Using the records below, write out only the lines from the line containing "casal aventureiro caught" up to and including the line containing "Foto: Pendeta Agus Catur bersama keluarga.", exactly, with no pictures.

Records for the exercise:
-- Opening Marker --
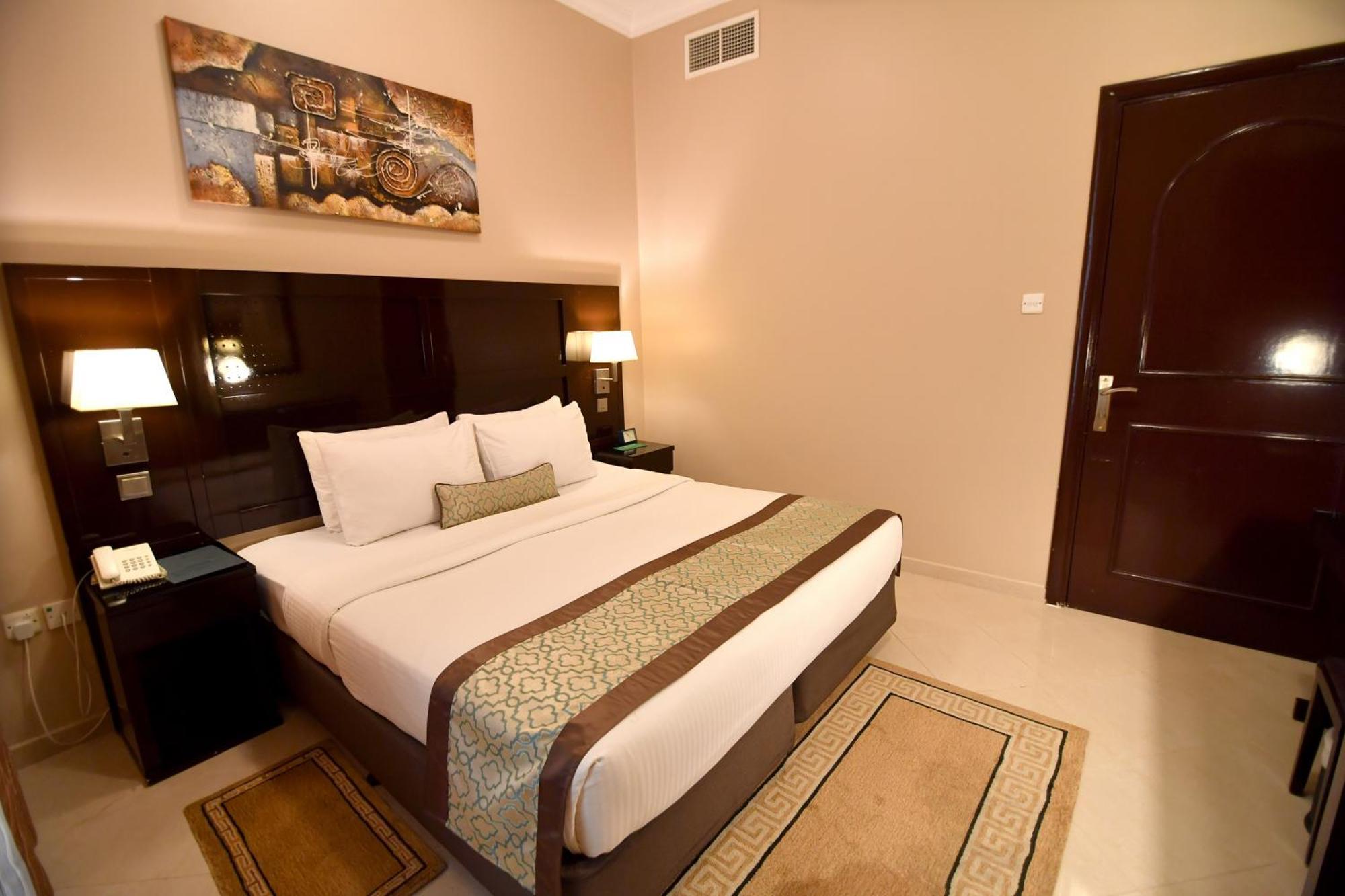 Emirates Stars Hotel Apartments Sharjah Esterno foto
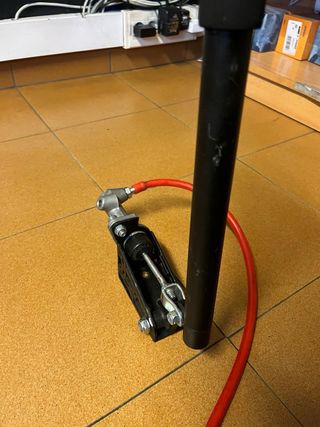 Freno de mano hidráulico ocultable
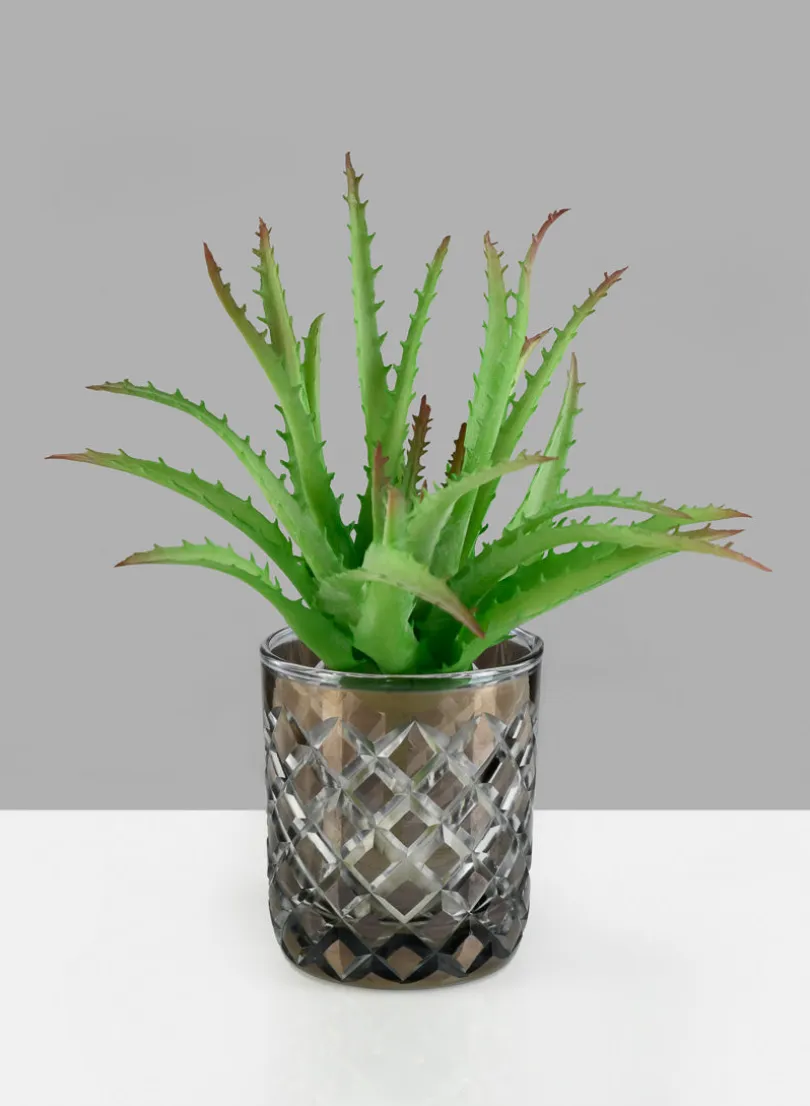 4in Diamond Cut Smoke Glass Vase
-- Closing Marker --
-- Opening Marker --
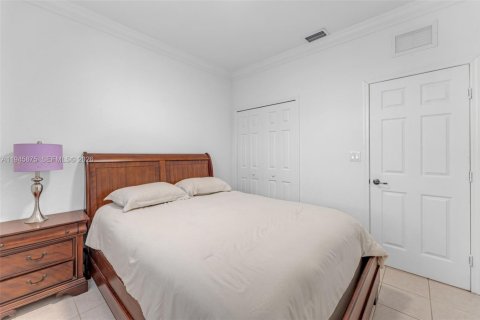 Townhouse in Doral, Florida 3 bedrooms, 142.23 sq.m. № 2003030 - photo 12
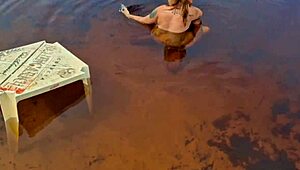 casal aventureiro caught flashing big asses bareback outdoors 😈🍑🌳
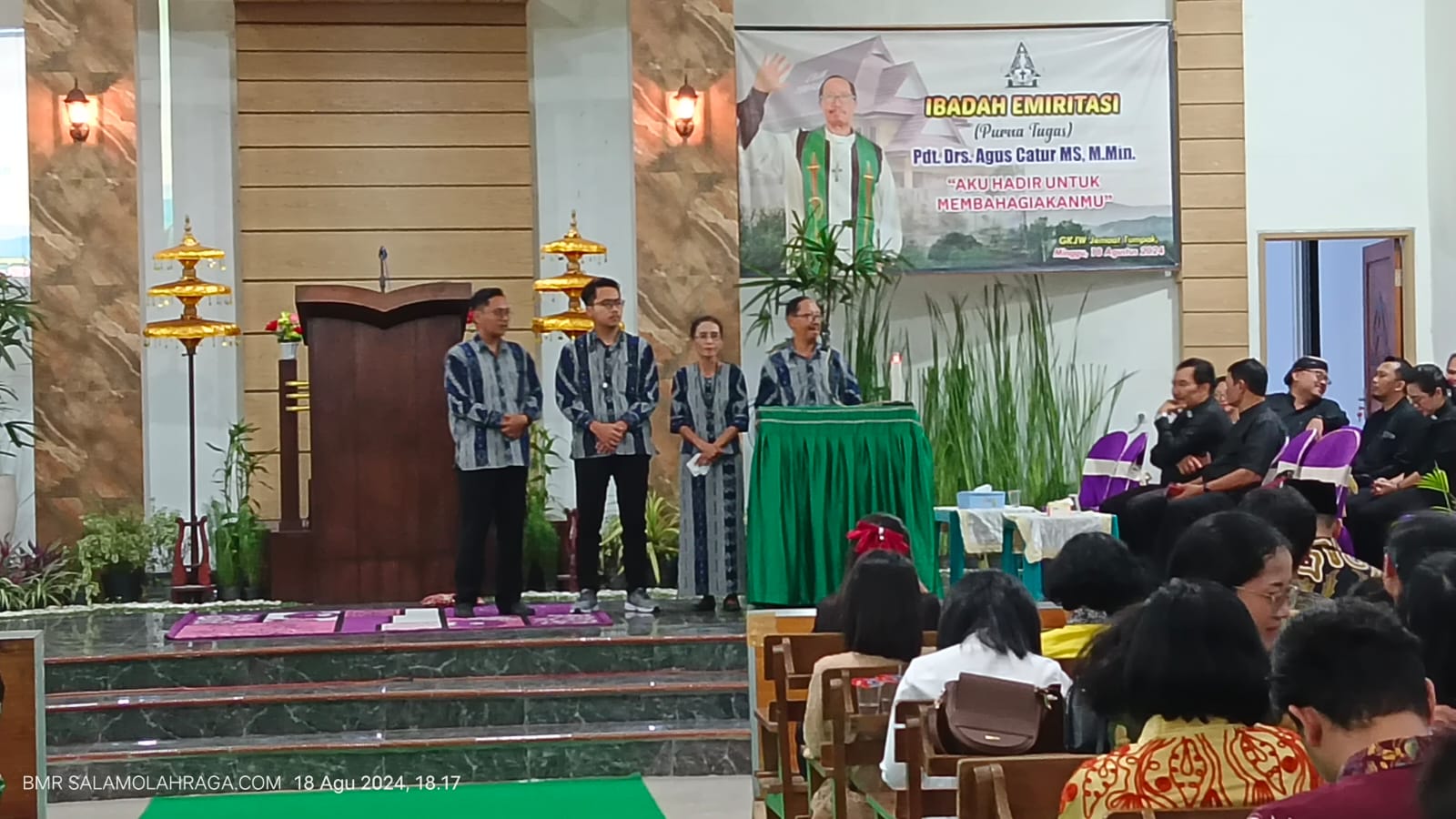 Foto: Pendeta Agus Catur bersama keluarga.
-- Closing Marker --
-- Opening Marker --
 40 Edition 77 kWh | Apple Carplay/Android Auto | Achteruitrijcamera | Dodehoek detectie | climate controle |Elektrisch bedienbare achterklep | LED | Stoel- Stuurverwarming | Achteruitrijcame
-- Closing Marker --
Answer area:
 casal aventureiro caught flashing big asses bareback outdoors 😈🍑🌳
 Foto: Pendeta Agus Catur bersama keluarga.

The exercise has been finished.